Firstly, the ::hr_item_pinned is set in o2hb_region_pin() when mounting filesystem and cleared
in o2hb_region_unpin() when umounting filesystem. mount and umount the filesystem can only be called
one by one. So the ::hr_item_pinned will not be set and cleared concurrently.
Secondly, Although the o2hb_region_pin() is multiple calls, but are called serial in the function
dlm_register_domain_handlers(). So the ::hr_item_pinned will not be set concurrently.
So we don't need to worry about the consistency of the ::hr_item_pinned.

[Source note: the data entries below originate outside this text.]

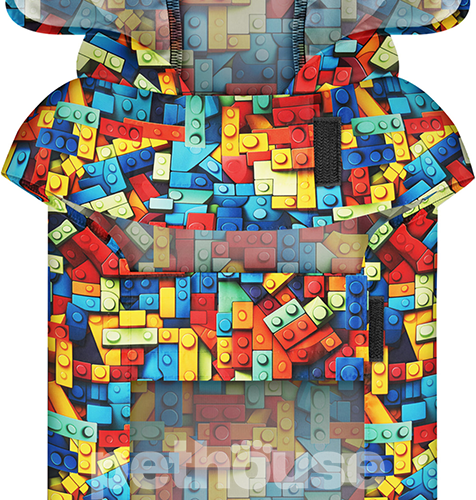 WauDog Clothes Дощовик-накидка "Блоки" для собак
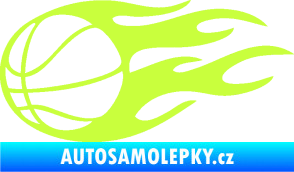 Samolepka Basketbalový míč 003 levá v plamenech  limetová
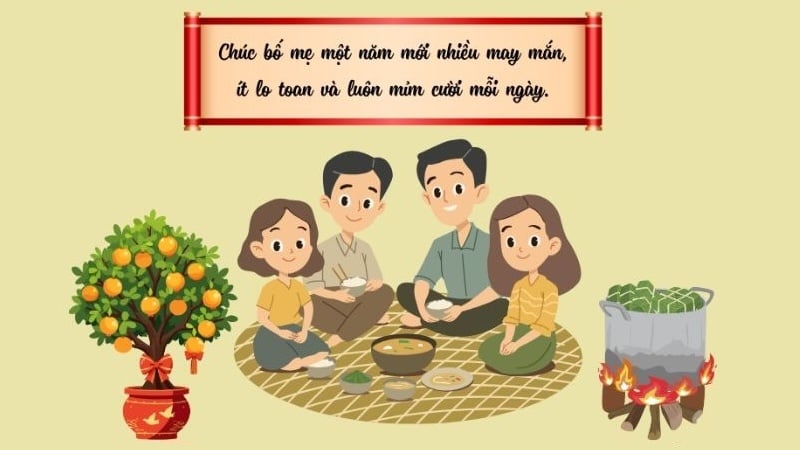 Chúc bố mẹ luôn trẻ trung và yêu đời trong năm mới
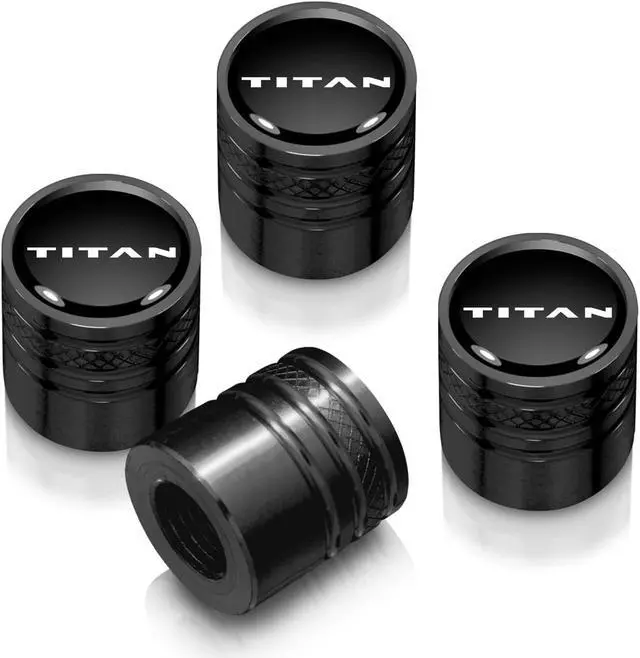 Main image of Nissan Titan in Black on Black Aluminum Cylinder-Style Tire Valve Stem Caps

> Besides that the issue reported by Fungguang seems to be a crash issue 
> rather than a lockup one.
> 
> Thanks,
> Changwei
> 
Um, I think the CONFIG_DEBUG_ATOMIC_SLEEP had been defined in the kernel tested by Fengguang,
so the warning "BUG: sleeping function..." could be printed. But normally, the
CONFIG_DEBUG_ATOMIC_SLEEP would not be defined in the released kernel. so it is a soft lockup.

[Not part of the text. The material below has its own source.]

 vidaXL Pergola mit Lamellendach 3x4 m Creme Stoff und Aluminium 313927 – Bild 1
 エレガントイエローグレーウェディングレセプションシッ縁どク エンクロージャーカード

You can read the function ___might_sleep() for more details.

Thanks,
Alex
>>
>> Thank,
>> Alex
>>>>
>>>> Thank,
>>>> Alex
>>>>>>
>>>>>> Thanks,
>>>>>> Alex
>>>>>>
>>>>>>>>     		/* Ignore ENOENT only for local hb (userdlm domain) */
>>>>>>>>     		ret = o2nm_depend_item(&reg->hr_item);
>>>>>>>>     		if (!ret) {
>>>>>>>> @@ -2410,9 +2413,14 @@ static int o2hb_region_pin(const char *region_uuid)
>>>>>>>>     			else {
>>>>>>>>     				mlog(ML_ERROR, "Pin region %s fails with %d\n",
>>>>>>>>     				     uuid, ret);
>>>>>>>> +				config_item_put(&reg->hr_item);
>>>>>>>> +				spin_lock(&o2hb_live_lock);
>>>>>>>>     				break;
>>>>>>>>     			}
>>>>>>>>     		}
>>>>>>>> +
>>>>>>>> +		config_item_put(&reg->hr_item);
>>>>>>>> +		spin_lock(&o2hb_live_lock);
>>>>>>>>     skip_pin:
>>>>>>>>     		if (found)
>>>>>>>>     			break;
>>>>>>>> -- 1.9.5.msysgit.1
>>>>>>>>
>>>>>>>>
>>>>>>>
>>>>>>> .
>>>>>>>
>>>>>>
>>>>>>
>>>>>
>>>>>
>>>>> .
>>>>>
>>>>
>>>>
>>>
>>>
>>> .
>>>
>>
>>
> 
> 
> .
>